[Sandbox] HAMi - Githubissues

wawa0210 commented 3 months ago

Application contact emails

limengxuan@4paradigm.com, xiaozhang0210@hotmail.com

Project Summary

Heterogeneous AI Computing Virtualization Middleware (HAMi), is an "all-in-one" tool designed to manage Heterogeneous AI Computing Devices in a k8s cluster.

Project Description

Heterogeneous AI Computing Virtualization Middleware (HAMi) is an "all-in-one" tool designed to manage Heterogeneous AI Computing Devices in a k8s cluster. It includes everything you would expect, such as:

Heterogeneous AI computing device support, currently supports: Nvidia, Cambricon, Hygon, Huawei Ascend, iluvatar
Device sharing: Each task can allocate a portion of a device instead of the entire device, allowing a device to be shared among multiple tasks.
Device Memory Control: Devices can be allocated a specific device memory size (e.g., 3000M) or a percentage of the whole GPU's memory (e.g., 50%), ensuring it does not exceed the specified boundaries.
Device Type Specification: You can specify the type of device to use or avoid for a particular task by setting annotations, such as nvidia.com/use-gputype or nvidia.com/nouse-gputype.
Device UUID Specification: You can specify the UUID of device to use or avoid for a particular task by setting annotations, such as nvidia.com/use-gpuuuid or nvidia.com/nouse-gpuuuid.
Task priority: supports tasks using the same AI computing device to define different priorities. When resources are preempted, high-priority tasks have high QOS
CUDA Unified memory: When the GPU memory is not enough, it supports expanded use of node memory.
Easy to use: You don't need to modify your task YAML to use our scheduler. All your jobs will be automatically supported after installation. Additionally, you can specify a resource name other than nvidia.com/gpu if you prefer.
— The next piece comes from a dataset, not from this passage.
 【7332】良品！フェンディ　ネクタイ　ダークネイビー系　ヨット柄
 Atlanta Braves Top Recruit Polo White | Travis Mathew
The core features of HAMi are as follows

Hard Limit on Device Memory.
Allows partial device allocation by specifying device memory.
Imposes a hard limit on streaming multiprocessors.
flexible binpack&spread schedule policies base on gpu device and node
Permits partial device allocation by specifying device core usage.
Requires zero changes to existing programs.

The HAMi architecture is as follows

Application Scenarios

Device sharing (or device virtualization) on Kubernetes.
Scenarios where pods need to be allocated with specific device memory
Need to balance GPU usage in a cluster with multiple GPU nodes.
Low utilization of device memory and computing units, such as running 10 TensorFlow servings on one GPU.
Situations that require a large number of small GPUs, such as teaching scenarios where one GPU is provided for multiple students to use, and cloud platforms that offer small GPU instances.
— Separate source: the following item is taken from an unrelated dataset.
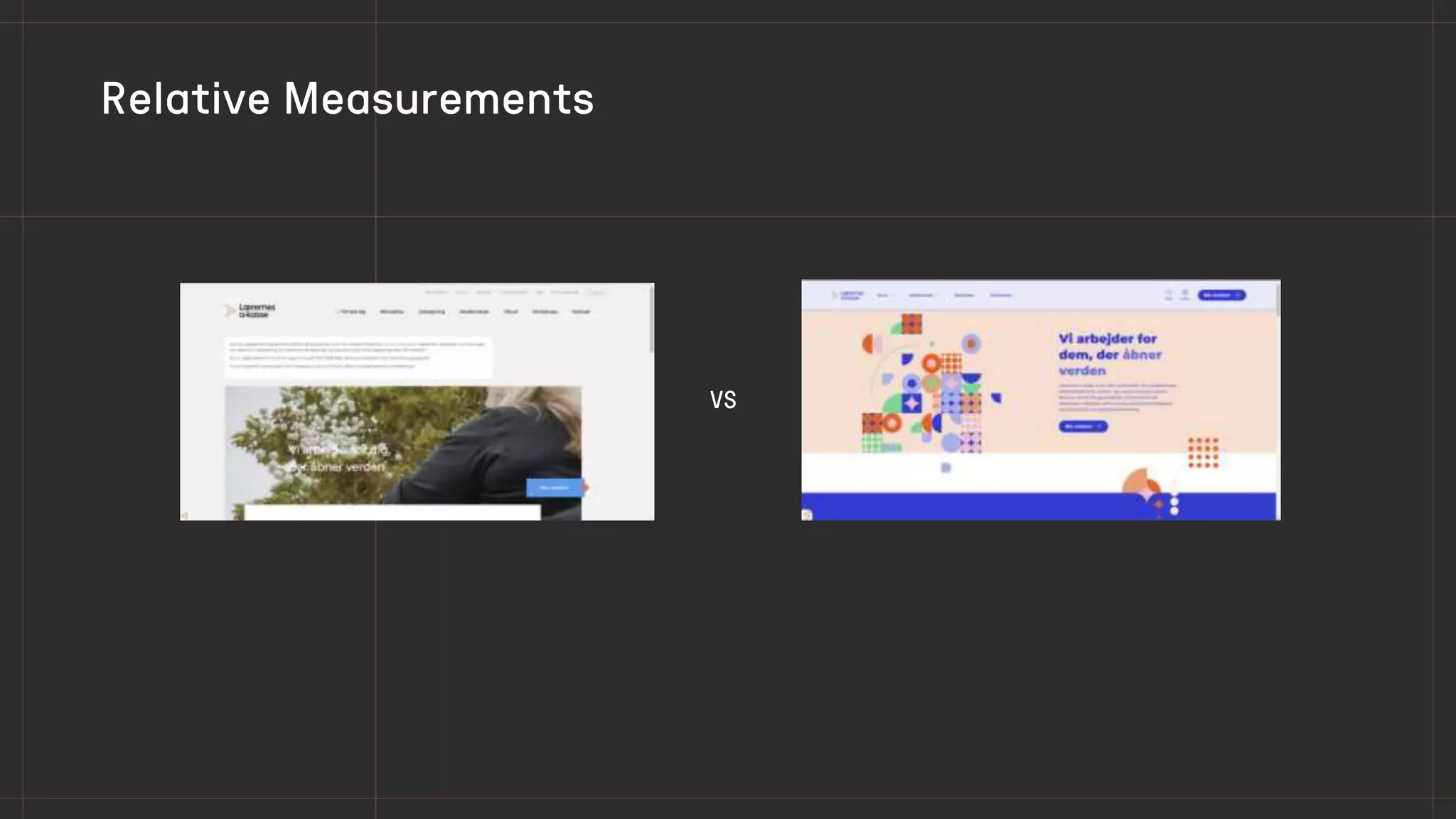Relative Measurements
VS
Org repo URL (provide if all repos under the org are in scope of the application)

https://github.com/Project-HAMi

Project repo URL in scope of application

core repo : https://github.com/Project-HAMi/HAMi

And the corresponding multi-public repo https://github.com/Project-HAMi/

Additional repos in scope of the application

No response

Website URL

http://project-hami.io/

Roadmap

https://github.com/Project-HAMi/HAMi?tab=readme-ov-file#roadmap

Roadmap context

Production	manufactor	MemoryIsolation	CoreIsolation	MultiCard support
GPU	NVIDIA	✅	✅	✅
MLU	Cambricon	✅	❌	❌
DCU	Hygon	✅	✅	❌
Ascend	Huawei	In progress	In progress	❌
GPU	iluvatar	In progress	In progress	❌
DPU	Teco	In progress	In progress	❌

Support video codec processing
Support Multi-Instance GPUs (MIG)
Support Flexible scheduling policies
- binpack
- spread
- numa affinity
integrated gpu-operator
Rich observability support
DRA Support
Support Intel GPU device
Support AMD GPU device

Contributing Guide

https://github.com/Project-HAMi/HAMi/blob/master/CONTRIBUTING.md

Here are our community meeting minutes

https://docs.google.com/document/d/1YC6hco03_oXbF9IOUPJ29VWEddmITIKIfSmBX8JtGBw/edit?usp=sharing

Code of Conduct (CoC)

https://github.com/Project-HAMi/HAMi/blob/master/CODE_OF_CONDUCT.md

Adopters

We have done a survey and found that dozens of adopters are already using HAMi. We will maintain it in the HAMi documentation later. Online survey results

Contributing or Sponsoring Org

4paradigm,DaoCloud, HuaweiCloud,Rise Union

Maintainers file

https://github.com/Project-HAMi/HAMi/blob/master/MAINTAINERS.md

IP Policy

[X] If the project is accepted, I agree the project will follow the CNCF IP Policy

Trademark and accounts

[X] If the project is accepted, I agree to donate all project trademarks and accounts to the CNCF

Why CNCF?

The CNCF is the premier organization for cloud-native technologies and is backed by many leading companies in the industry. It also provides a platform for collaboration and community-building, which can lead to increased visibility, adoption, and contributions to HAMi.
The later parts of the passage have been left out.